WHAT IS NEEDED:
Beginning at the line that contains "Hi everyone, and", return every remaining line of the data below exactly; return nothing before it.

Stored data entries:
-=-=-=-=-

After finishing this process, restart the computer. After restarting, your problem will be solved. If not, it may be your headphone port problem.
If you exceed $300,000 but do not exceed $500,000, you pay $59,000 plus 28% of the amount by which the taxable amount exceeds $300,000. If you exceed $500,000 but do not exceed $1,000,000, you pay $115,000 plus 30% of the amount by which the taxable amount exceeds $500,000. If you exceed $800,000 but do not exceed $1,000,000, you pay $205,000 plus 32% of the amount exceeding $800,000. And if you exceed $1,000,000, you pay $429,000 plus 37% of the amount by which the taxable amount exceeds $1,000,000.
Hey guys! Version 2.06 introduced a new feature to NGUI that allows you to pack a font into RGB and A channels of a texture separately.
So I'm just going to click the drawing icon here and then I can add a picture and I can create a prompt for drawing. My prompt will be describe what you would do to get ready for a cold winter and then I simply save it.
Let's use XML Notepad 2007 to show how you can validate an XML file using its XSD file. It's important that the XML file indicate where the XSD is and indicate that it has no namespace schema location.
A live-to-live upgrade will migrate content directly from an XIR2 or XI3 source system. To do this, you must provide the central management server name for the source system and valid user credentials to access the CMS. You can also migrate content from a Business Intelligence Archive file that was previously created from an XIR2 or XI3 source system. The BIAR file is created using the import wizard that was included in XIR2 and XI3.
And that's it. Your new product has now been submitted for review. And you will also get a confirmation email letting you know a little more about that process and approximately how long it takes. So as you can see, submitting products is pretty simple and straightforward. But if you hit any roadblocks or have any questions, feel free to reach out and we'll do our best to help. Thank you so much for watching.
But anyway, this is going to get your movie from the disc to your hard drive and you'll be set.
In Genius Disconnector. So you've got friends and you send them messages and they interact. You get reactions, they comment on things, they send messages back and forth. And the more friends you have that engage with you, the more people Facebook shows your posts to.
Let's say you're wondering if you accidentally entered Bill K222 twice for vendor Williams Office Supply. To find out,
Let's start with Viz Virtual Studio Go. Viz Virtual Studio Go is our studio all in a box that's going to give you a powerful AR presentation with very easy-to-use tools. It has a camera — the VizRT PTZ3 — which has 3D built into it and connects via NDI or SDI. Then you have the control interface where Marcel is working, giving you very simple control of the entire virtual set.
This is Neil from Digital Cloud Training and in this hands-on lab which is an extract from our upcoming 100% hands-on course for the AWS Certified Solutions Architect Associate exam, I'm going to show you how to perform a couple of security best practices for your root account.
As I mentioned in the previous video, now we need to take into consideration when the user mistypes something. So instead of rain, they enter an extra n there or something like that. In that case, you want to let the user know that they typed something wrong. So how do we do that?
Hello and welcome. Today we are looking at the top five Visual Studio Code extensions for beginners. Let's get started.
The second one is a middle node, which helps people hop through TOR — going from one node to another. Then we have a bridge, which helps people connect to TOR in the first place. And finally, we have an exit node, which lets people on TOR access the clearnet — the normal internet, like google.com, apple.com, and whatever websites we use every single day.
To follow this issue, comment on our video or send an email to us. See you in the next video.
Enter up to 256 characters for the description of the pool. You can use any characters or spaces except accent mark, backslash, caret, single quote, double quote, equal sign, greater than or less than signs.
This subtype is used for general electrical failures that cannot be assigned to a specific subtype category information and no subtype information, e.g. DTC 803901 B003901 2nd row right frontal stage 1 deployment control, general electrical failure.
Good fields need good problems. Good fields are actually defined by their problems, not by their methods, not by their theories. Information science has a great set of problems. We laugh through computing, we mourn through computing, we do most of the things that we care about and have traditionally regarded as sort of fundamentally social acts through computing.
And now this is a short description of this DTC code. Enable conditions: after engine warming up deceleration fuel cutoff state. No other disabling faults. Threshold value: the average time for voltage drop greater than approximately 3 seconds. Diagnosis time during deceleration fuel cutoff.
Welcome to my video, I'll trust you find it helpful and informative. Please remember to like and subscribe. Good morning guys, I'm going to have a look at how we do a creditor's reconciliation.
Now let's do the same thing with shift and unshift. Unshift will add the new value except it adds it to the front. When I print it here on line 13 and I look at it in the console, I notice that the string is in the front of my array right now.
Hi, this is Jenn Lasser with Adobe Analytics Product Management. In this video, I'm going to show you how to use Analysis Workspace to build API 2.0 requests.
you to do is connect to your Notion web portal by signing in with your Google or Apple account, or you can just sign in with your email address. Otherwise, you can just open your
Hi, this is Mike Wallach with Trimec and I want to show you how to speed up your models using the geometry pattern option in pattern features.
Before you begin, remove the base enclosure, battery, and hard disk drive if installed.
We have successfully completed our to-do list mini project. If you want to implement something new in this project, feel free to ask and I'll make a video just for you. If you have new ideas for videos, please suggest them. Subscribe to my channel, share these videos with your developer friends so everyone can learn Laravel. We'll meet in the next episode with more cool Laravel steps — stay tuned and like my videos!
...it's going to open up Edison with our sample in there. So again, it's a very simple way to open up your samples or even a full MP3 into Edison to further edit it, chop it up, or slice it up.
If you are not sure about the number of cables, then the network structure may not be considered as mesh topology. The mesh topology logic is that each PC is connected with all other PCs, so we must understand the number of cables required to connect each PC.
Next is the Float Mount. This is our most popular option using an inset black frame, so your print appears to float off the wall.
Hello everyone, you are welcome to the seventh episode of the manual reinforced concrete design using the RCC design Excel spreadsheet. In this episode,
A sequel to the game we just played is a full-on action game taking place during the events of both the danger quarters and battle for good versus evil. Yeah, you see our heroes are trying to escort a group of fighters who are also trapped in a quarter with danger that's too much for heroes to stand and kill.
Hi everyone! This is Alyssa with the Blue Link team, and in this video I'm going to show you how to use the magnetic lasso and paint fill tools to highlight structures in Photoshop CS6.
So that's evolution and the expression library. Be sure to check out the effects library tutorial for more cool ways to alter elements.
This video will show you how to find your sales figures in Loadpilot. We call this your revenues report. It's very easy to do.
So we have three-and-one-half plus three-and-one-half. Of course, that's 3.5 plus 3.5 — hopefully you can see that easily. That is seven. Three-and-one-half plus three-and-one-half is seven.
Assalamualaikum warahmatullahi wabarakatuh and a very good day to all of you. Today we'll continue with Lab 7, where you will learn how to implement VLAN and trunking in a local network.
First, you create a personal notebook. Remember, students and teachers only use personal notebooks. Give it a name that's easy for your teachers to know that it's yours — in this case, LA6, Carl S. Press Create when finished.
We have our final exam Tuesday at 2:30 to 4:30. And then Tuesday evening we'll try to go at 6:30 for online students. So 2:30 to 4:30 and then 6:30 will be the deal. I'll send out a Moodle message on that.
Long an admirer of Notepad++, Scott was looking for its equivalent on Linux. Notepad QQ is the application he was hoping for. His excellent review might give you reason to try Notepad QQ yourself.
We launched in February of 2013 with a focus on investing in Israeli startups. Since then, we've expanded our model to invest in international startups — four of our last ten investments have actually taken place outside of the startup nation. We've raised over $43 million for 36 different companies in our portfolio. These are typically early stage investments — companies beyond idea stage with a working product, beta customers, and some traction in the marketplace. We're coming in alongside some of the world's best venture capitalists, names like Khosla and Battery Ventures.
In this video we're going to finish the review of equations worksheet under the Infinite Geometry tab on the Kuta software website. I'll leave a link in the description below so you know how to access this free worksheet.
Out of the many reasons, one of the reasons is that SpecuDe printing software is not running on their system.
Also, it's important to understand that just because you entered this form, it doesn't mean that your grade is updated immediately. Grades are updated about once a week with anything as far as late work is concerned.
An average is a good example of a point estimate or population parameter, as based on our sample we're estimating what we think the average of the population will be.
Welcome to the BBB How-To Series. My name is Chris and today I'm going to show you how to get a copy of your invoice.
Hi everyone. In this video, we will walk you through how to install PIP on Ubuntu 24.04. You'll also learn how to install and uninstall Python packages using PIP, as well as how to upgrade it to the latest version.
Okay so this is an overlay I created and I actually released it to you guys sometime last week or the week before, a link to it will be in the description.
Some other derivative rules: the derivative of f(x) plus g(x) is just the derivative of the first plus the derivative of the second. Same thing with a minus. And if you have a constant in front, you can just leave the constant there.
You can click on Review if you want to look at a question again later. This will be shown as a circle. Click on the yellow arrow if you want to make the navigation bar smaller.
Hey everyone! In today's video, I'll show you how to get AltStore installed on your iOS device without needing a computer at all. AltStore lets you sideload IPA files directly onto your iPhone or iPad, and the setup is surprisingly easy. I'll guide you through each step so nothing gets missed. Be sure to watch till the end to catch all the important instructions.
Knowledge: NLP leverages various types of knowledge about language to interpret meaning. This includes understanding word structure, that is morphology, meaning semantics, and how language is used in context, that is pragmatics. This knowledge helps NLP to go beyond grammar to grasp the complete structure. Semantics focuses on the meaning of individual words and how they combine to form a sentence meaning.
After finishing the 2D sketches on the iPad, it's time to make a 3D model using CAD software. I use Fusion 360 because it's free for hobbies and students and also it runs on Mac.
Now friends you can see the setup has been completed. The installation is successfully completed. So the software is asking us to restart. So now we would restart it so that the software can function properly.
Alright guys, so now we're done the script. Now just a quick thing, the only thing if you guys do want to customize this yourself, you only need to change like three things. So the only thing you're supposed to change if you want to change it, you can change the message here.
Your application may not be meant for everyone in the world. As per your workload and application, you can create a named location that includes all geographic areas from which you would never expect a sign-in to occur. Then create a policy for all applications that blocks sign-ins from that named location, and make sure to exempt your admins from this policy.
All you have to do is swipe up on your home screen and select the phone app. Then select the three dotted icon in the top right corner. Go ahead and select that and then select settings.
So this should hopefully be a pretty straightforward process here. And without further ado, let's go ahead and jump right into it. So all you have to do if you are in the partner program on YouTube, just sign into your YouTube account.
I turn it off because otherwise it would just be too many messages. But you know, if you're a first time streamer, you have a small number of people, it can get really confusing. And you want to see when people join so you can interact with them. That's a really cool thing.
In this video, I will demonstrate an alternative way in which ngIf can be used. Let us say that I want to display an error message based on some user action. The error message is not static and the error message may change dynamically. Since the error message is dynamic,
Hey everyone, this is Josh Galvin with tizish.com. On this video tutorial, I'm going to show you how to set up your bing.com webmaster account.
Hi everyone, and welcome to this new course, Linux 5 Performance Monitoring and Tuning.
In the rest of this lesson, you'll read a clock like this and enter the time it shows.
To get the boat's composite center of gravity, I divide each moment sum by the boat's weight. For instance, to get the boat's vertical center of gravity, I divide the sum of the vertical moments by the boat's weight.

-=-=-=-=-

ANSWER TO THIS PROBLEM:
Hi everyone, and welcome to this new course, Linux 5 Performance Monitoring and Tuning.
In the rest of this lesson, you'll read a clock like this and enter the time it shows.
To get the boat's composite center of gravity, I divide each moment sum by the boat's weight. For instance, to get the boat's vertical center of gravity, I divide the sum of the vertical moments by the boat's weight.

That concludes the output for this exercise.